There is some profiling to be done here, but it is okay here since the only groups affected are those who are economically advantaged or disadvantaged. I concede that screening out all private school and high tuition schools can mean losing some good candidates but, if you take a look at the numbers published in the latest issue of the Economist (September 23, 2006, p. 38), you are mainly passing up on beneficiaries of affirmative action for the privileged. Moreover, what we know is that the only things positively correlated with expensive credentials is the probability of landing a law school teaching job and the level at which one’s articles are placed. There appears to be no correlation between expensive credentials and the ability to carry on an interesting conversation about art, music, history or not to be hopelessly boring.

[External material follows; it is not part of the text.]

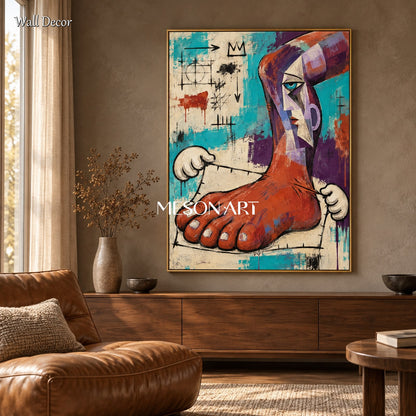 Red And Blue Neo Expressionist Graffiti Art Painting Textured Canvas Wall Decor For Living Room By Mesonart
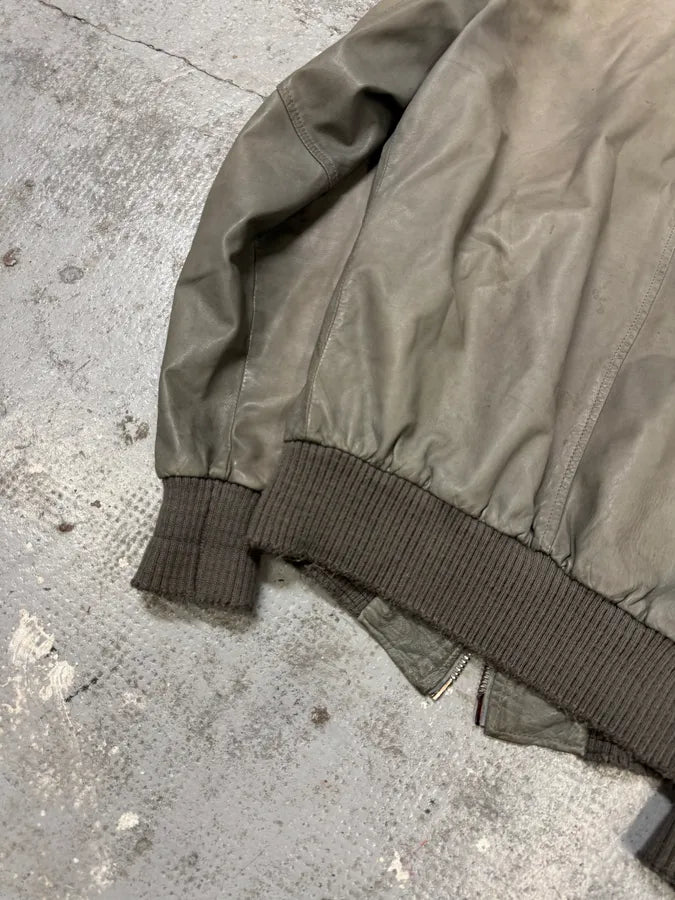 200s Giorgio Brato Raw Grey Leather Bomber Jacket dnXZDml 5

So narrow the universe to candidates who excelled at inexpensive (some State) law schools. Then narrow your scope to the top ten – not top 10% -- in the class. Now it gets tougher because some e.d.p.'s will try pass for privileged (pfp). With hard work you can “out” most of them. You want to eliminate anyone who traveled widely in the summer, spent any semesters abroad, and did not work at some menial job for, at least, some summers. The keepers are ones with crooked teeth and pock marks. For a woman, look for a skirt that is a bit too short, heels too high, or too much make up. (For men the make up is OK only on Elvis impersonators -- in fact, maybe a per se hire.) Gold jewelry on a man or a woman is a good sign. Any inkling of a mullet is a definite yes for a man as is a jacket with a double vented back or a tie that is too wide or too narrow.

You have narrowed the universe to e.d.p.'s. Some of those who have figured out how to pfp will also be eliminated. Not a big loss because they may also pfp in their service, teaching, and research.

Now proceed to the Chen questions and you’ve got it.

Finally, a word on race. Race is not per se indicative of economic disadvantage. That’s not to say there are not arguments for considering race for other reasons but in recent years, at least in my hiring experience, there is a tendency for law faculty to feel most comfortable with minorities from private or high priced schools who have professional level parents. These folks are indistinguishable from whites in terms of their sense of entitlement. Thus, even with minorities it is important to look beyond the surface.